AbstractLong-term climate data play a vital role in climate change analysis, but in situ observations are spatio-temporally limited in many regions throughout the world – including South Korea. A lack of data may lead to considerable uncertainties in hydrological applications and make it difficult to detect nonstationarity that can significantly affect future risk estimation. This challenge is especially the case in rainfall frequency analysis. This thesis aims to analyse the climate change impact, especially for rainfall intensity change, by adopting globally available century-long reanalysis data. Although a few century-long reanalyses have been developed, there is still a knowledge gap on the suitability of such data for regional-scale studies. Due to the systematic errors in the data, bias correction should be considered before any applications. Accordingly, this thesis mainly consists of three parts: 1) the assessment of the reanalysis data in regional-scale analyses, 2) the bias correction of the century-term reanalysis data to reduce design rainfall uncertainty, and 3) the reanalysis-data-based nonstationary rainfall frequency analysis.
The first part evaluates the long-term reanalyses in South Korea, which is the selected study region in this thesis. Multi-decadal reanalyses (ERA-20cm, ERA-20c, ERA-40, and 20CR) for monthly mean precipitation and temperature were first assessed in South Korea compared with the global gridded observations (CRUv3.23 and GPCCv7). This analysis showed that reanalysis data could statistically reproduce observations well, but all products should be locally adjusted before their hydrological applications.

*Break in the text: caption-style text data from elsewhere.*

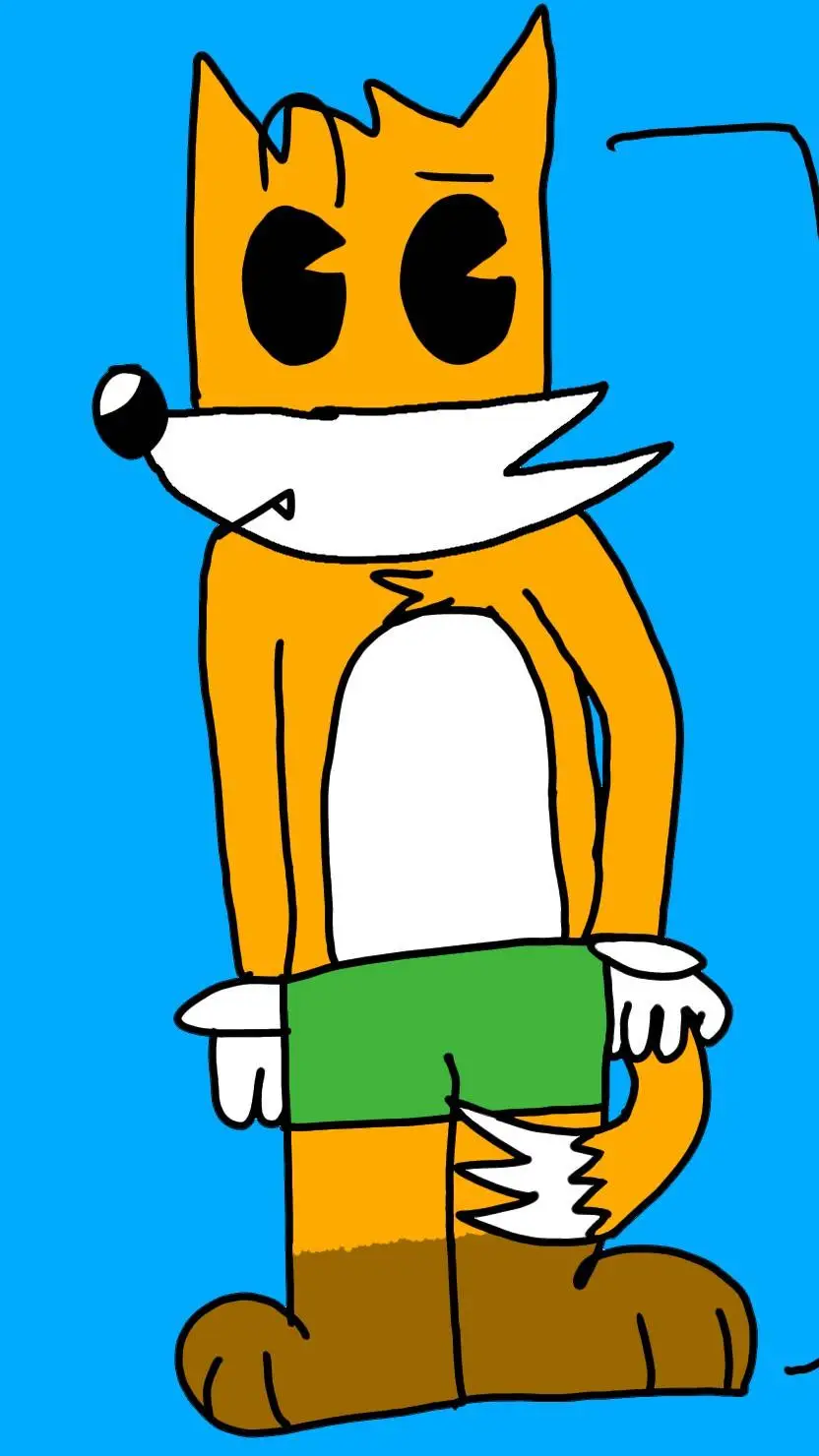 ai character: Frendle the fox background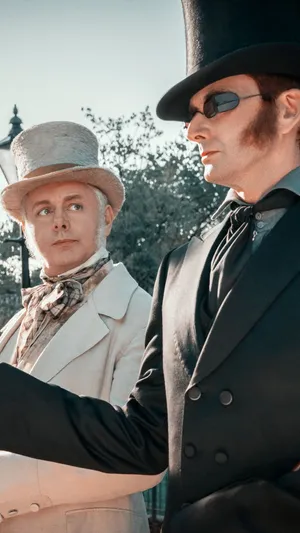 1080x1920 Good Omens Wallpaper Wallpaper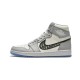 Cheap Air Jordans 1 Retro High WOLF GREY/SAIL-PHOTON DUST-WHI Mens CN8607 002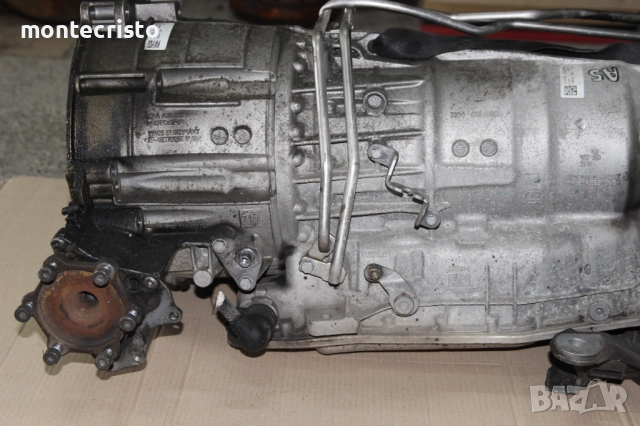 Скоростна кутия Audi A5 (2007-2011г.) автоматик автомат KWP / 6HP-28 / 1084030016 ZF, снимка 6 - Части - 52925364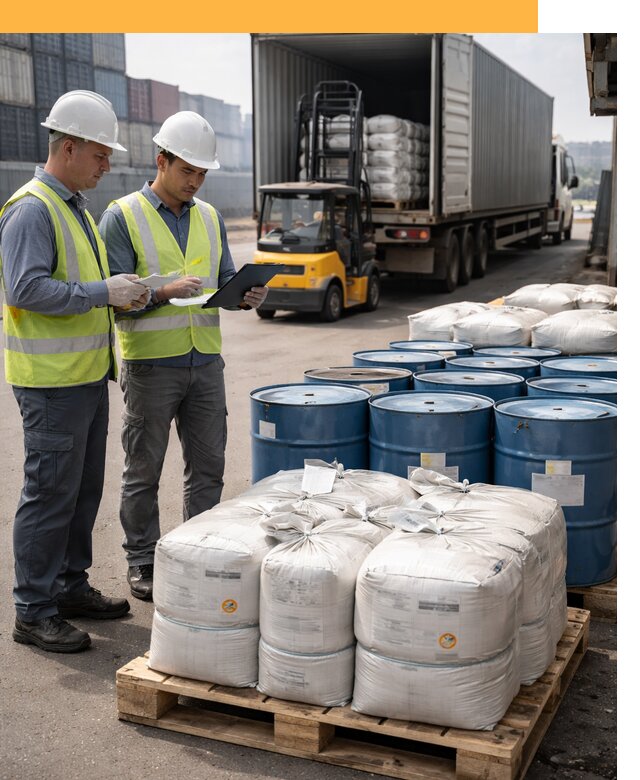 Доставка химического сырья из Индии от 271325 руб — быстро и надежно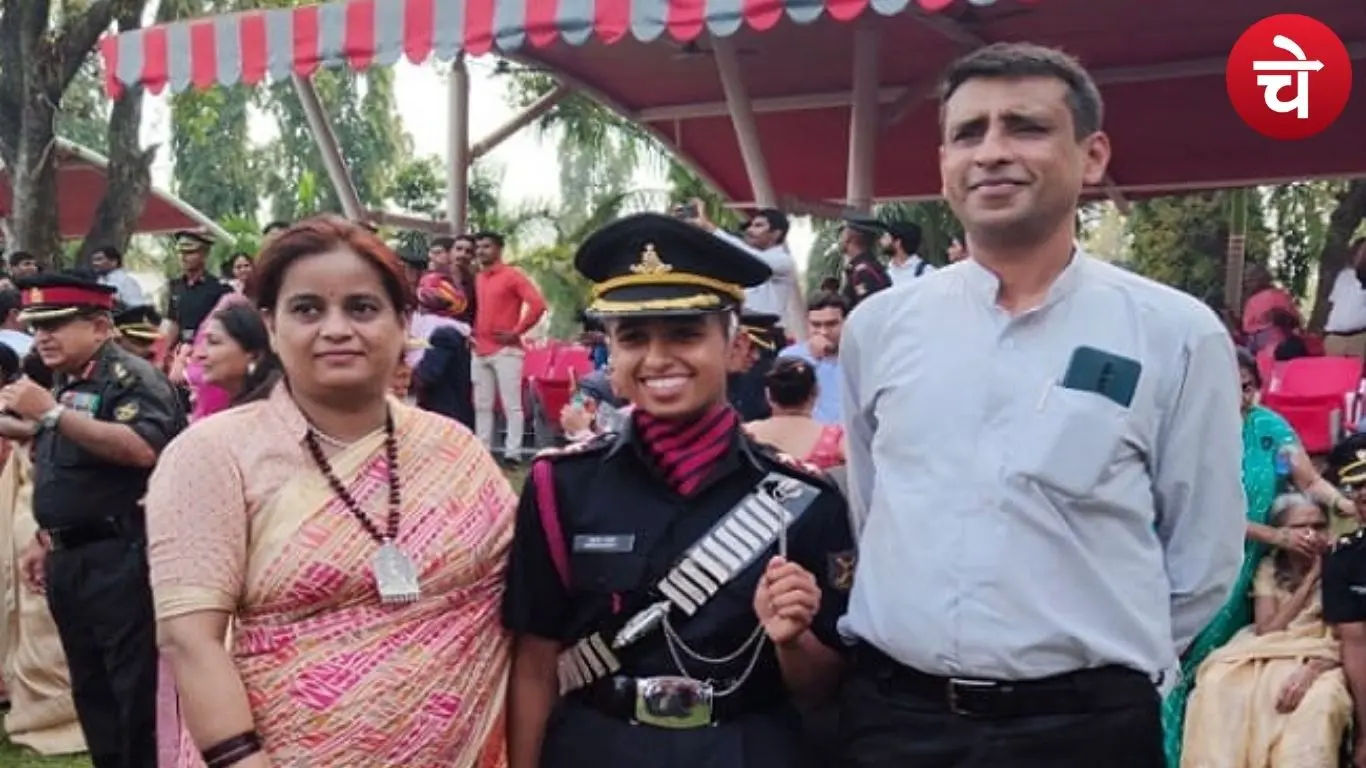 गुर्जर समाज की शान ले. महक भाटी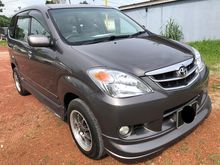 Actual Yea 2009 Toyota Avanza 1.5G (AT) Original Condition Full Bodykit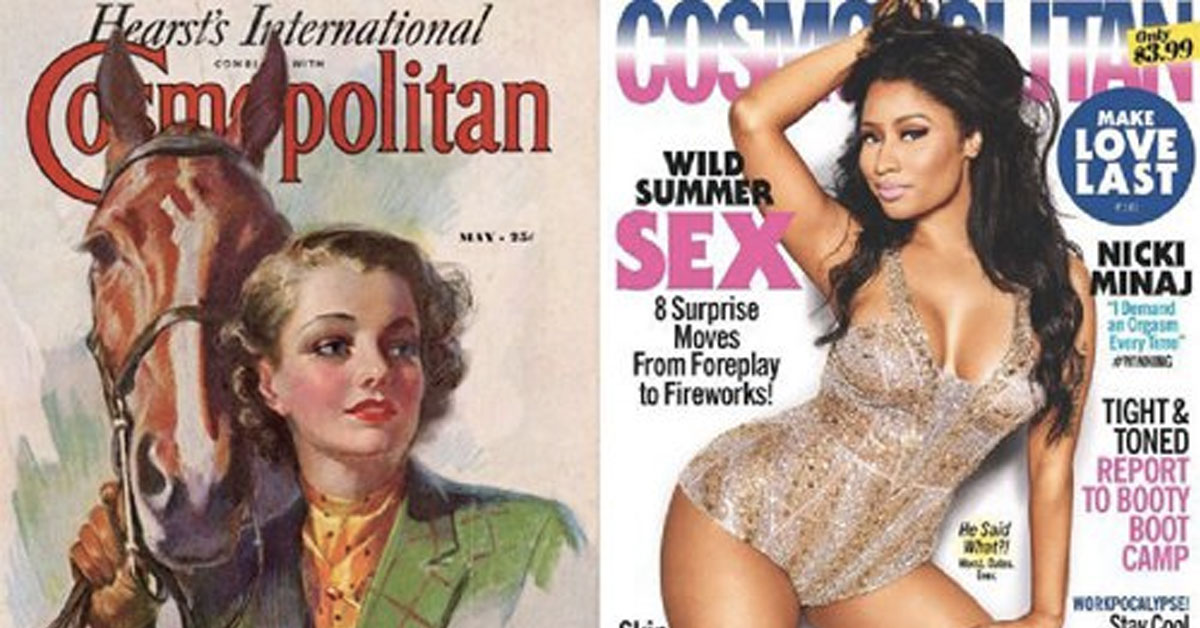 女生研究室：早期的柯夢波丹封面也太文青了吧！回顧時尚雜誌封面演進史 雜誌、演進、進化、封面、柯夢波丹、VOGUE、浮華世界、seventeen
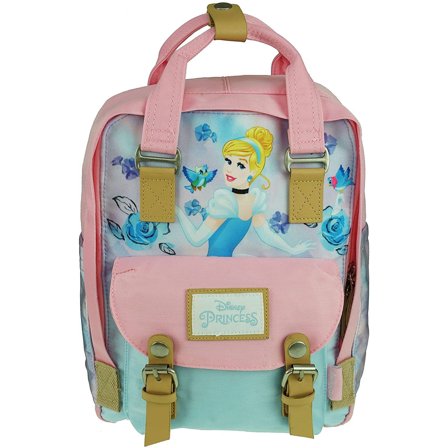 Small Backpack Deluxe Nylon - Disney - Cinderella A21387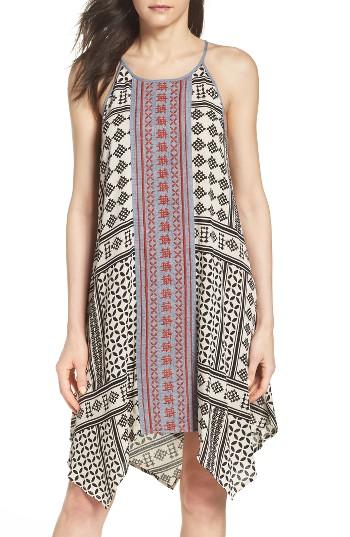 Women's Thml Handkerchief Hem Halter Dress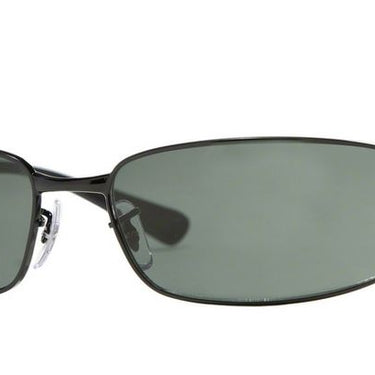 Ray-Ban Active Lifestyle RB3364 004/58 Zwart-Kristal Groen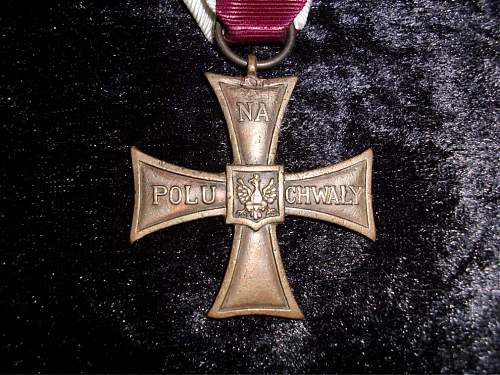 Cross of Valour (Krzy&#380; Walecznych) – Pre-WW2 Types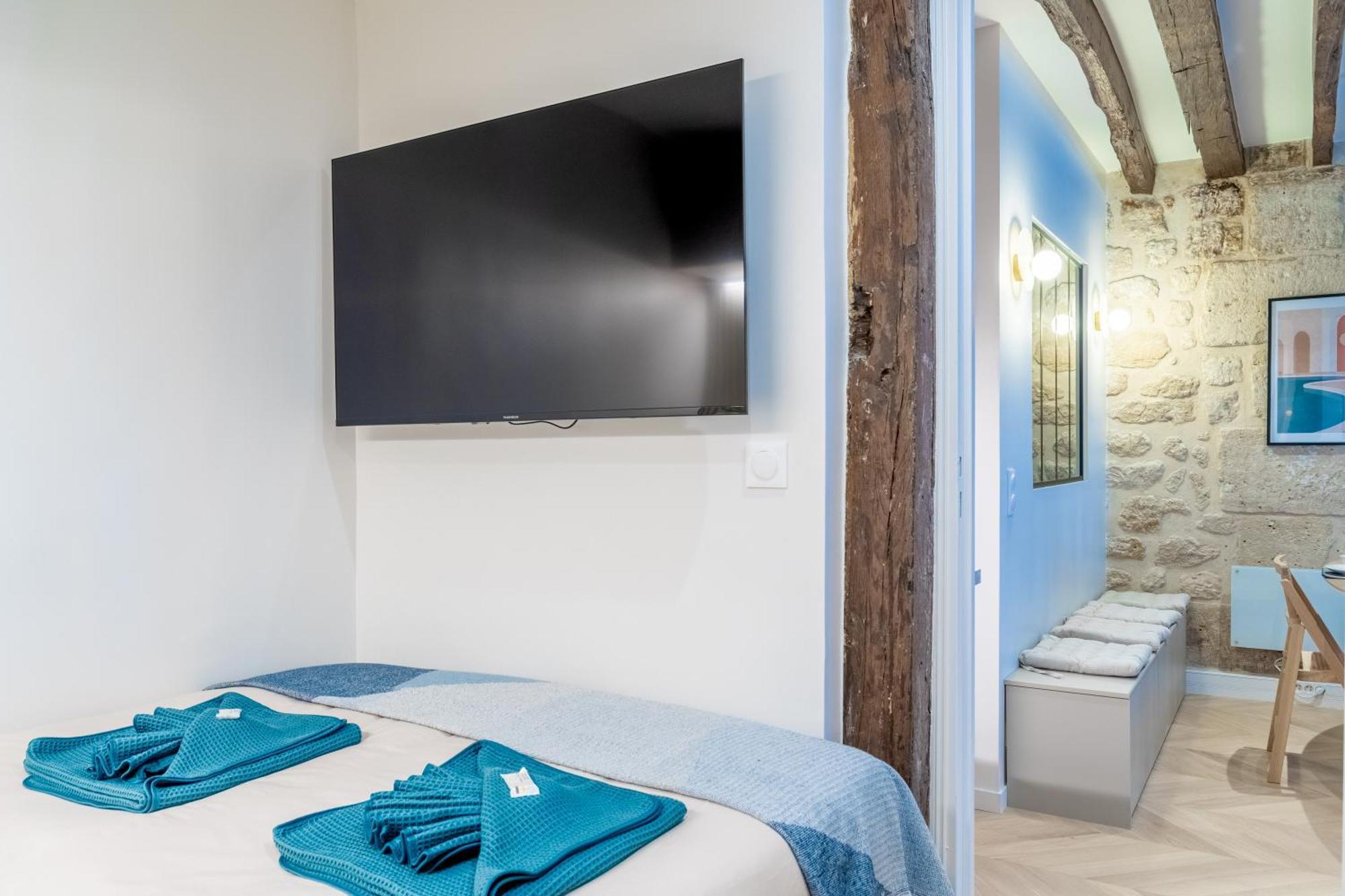 Lavie Maison Ac & Jacuzzi Paris Eksteriør billede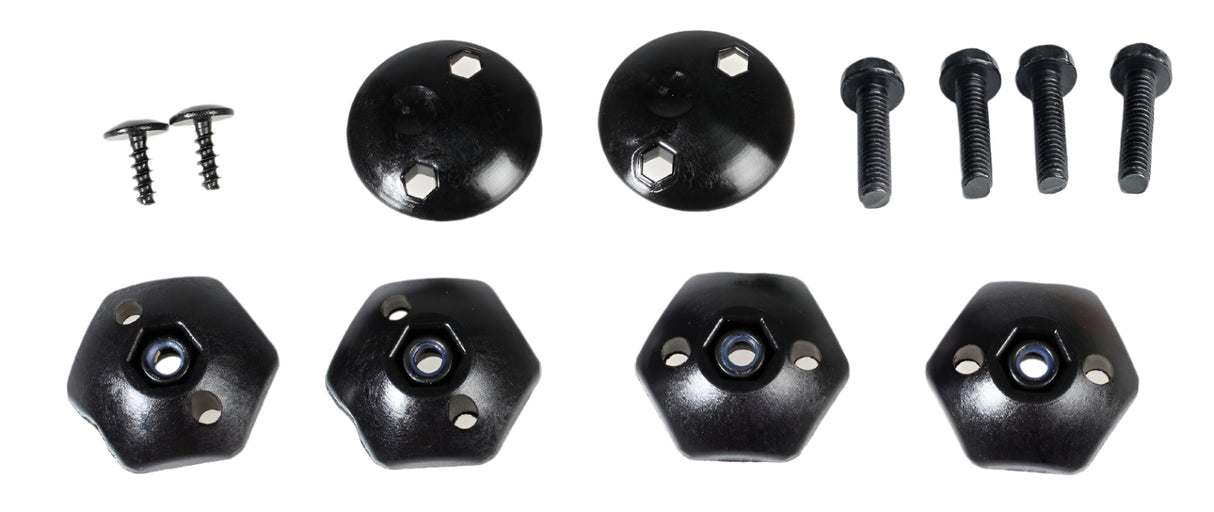 ORTLIEB SCREW SET FOR FIXING THE UPPER QL2.1 RAIL 0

A two-step approach was followed for the bias correction of the century-long reanalysis data: 1) a quantile mapping (QM) method using a composite gamma-Pareto distribution for the reference period (1973–2010) and 2) a trend-preserving QM method (i.e. quantile delta mapping method) for the whole 20th century. The evaluation suggested that the proposed bias correction scheme was useful for a regional-scale modelled data with a limited network of rain gauges. Meanwhile, the century-long data contributed to the reduction of design rainfall uncertainty. The final part presents a reanalysis-product-based nonstationary analysis. This new approach suggested that the stationary approach could underestimate future risk in many areas.
The findings in this thesis show that despite the biases, reanalysis data can provide valuable information that helps researchers to understand an area’s climate change impact using limited observations.